The system is based on neural networks, which are computing elements that are modeled loosely after the human brain, to connect vision to language. With that technology, the systems began to get it right more often, and error rates have been decreasing ever since.
Automated image captioning still isn’t perfect, but it has quickly become a hot research area, with experts from universities and corporate research labs vying for the best automated image captioning algorithm.
The latest competition to create the most informative and accurate captions, the MS COCO Captioning Challenge 2015, ends this Friday.
Throughout the competition, a leaderboard has been tracking how well the teams are doing using various technical measurements, and ranking them based on who is currently producing the best results.
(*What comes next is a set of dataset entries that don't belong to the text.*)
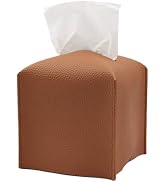 Hapforever 1PC Square Tissue Box Cover, PU Leather Square Tissue Box Holder with Bottom Belt Mode...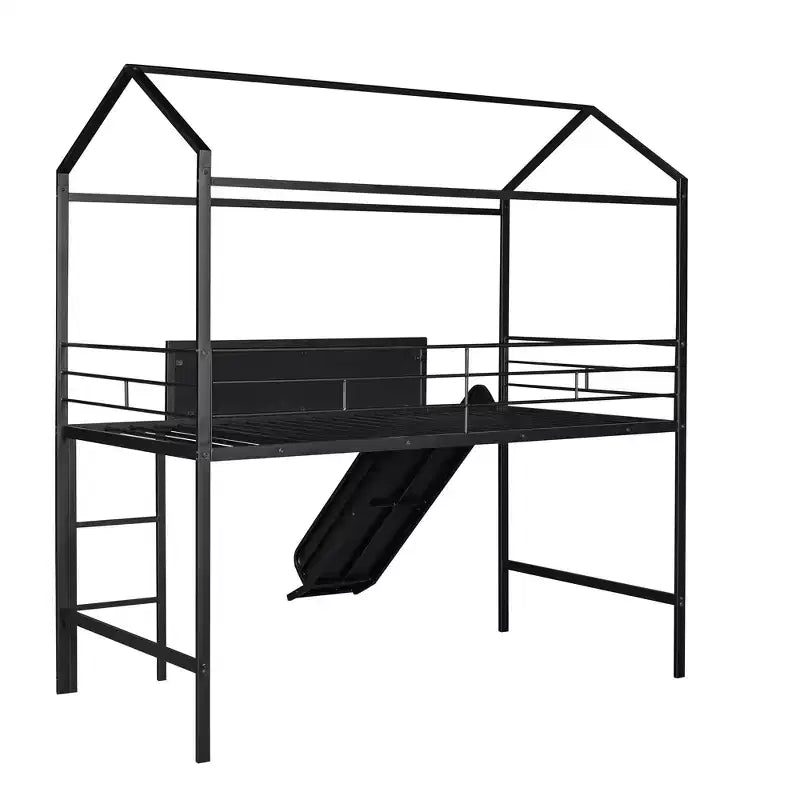 Letto a castello a soppalco con scivolo, letto a casetta in metallo con tetto, letto a soppalco basso con lavagna in legno scrivibile per bambini e ragazzi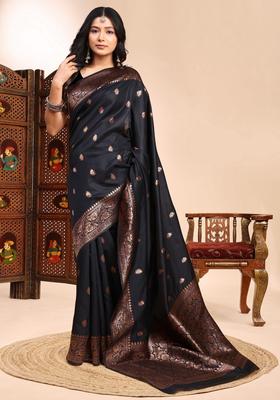 Black Zari Work Silk Saree Set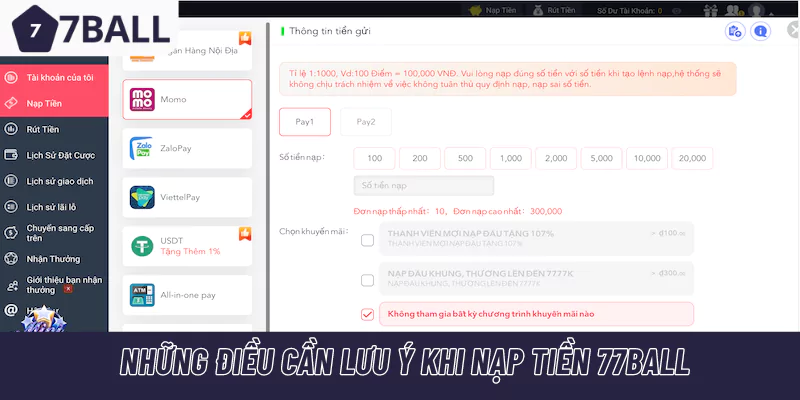 Những điều cần lưu ý khi nạp tiền vào 77Ball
The competitors are all using a dataset of images, called Microsoft COCO, which was developed by researchers from Microsoft and other research institutions. The challenge is to come up with the best algorithm that creates captions based on that dataset.
Microsoft’s algorithm is trained to automatically write a caption using several steps.
First, it predicts the words that are likely to appear in a caption, using what’s called a convolutional neural network to recognize what’s in the image.
The convolutional neural network is trained with many examples of images and captions, and automatically learns features such as color patches, shapes and other features. That’s much like the way the human brain identifies objects.
Next, it uses a language model to take that set of words and create coherent possible captions.
"The critical thing is that the language model is generating text conditioned on the information in the image," said Geoffrey Zweig, who manages Microsoft Research’s speech and dialog research group.
Finally, it deploys a checker that measures the overall semantic similarity between the caption and the image, to choose the best possible caption.
As the technology continues to improve, the researchers say they see vast possibilities for how these types of tools could be used to make significant gains in the field of artificial intelligence, in which computers are capable of intelligent behavior in an era of more personal computing.
The goal is to connect vision to language in order to have artificial intelligence tools.
Recently, Stephen Wolfram, the brain behing Mathematica, has also talked about a function called ImageIdentify built into the Wolfram Language that lets you ask, "What is this a picture of?" - and get an answer.